Captioned web images
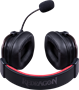 Гарнитура Redragon Aurora Black 236963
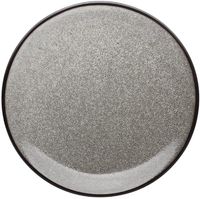 Olympia Mineral coupebord 28cm |  DF184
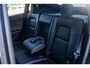 Tesla Model Y Long Range RWD 75 kWh, 351pk, BTW, Autopilot full!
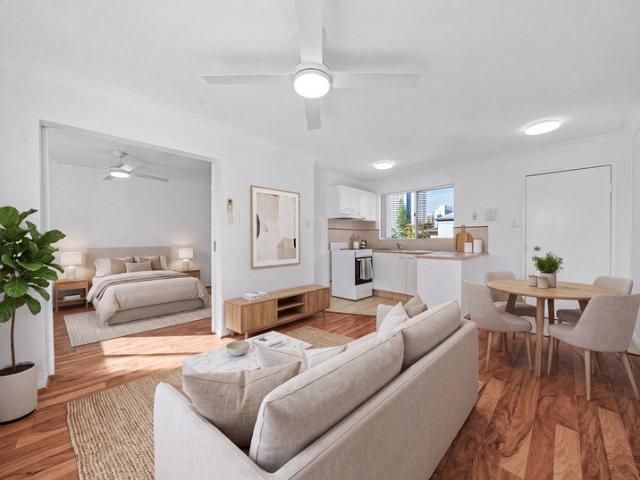 Apartment for sale in Fernbrook, Queensland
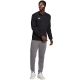5. Adidas Entrada 22 Sweatshirt Top M H57478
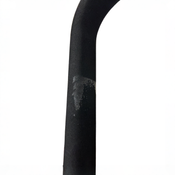 Shop Bugaboo Donkey 5 Seat Frame, Black at GoodBuy Gear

→ **Problem requirements**
Your copy should begin at the line containing "Olympia Mineral coupebord" and end at the last line of the data above, matching each line exactly and holding no pictures.

→ **Exercise solution**
 Olympia Mineral coupebord 28cm |  DF184
 Tesla Model Y Long Range RWD 75 kWh, 351pk, BTW, Autopilot full!
 Apartment for sale in Fernbrook, Queensland
5. Adidas Entrada 22 Sweatshirt Top M H57478
 Shop Bugaboo Donkey 5 Seat Frame, Black at GoodBuy Gear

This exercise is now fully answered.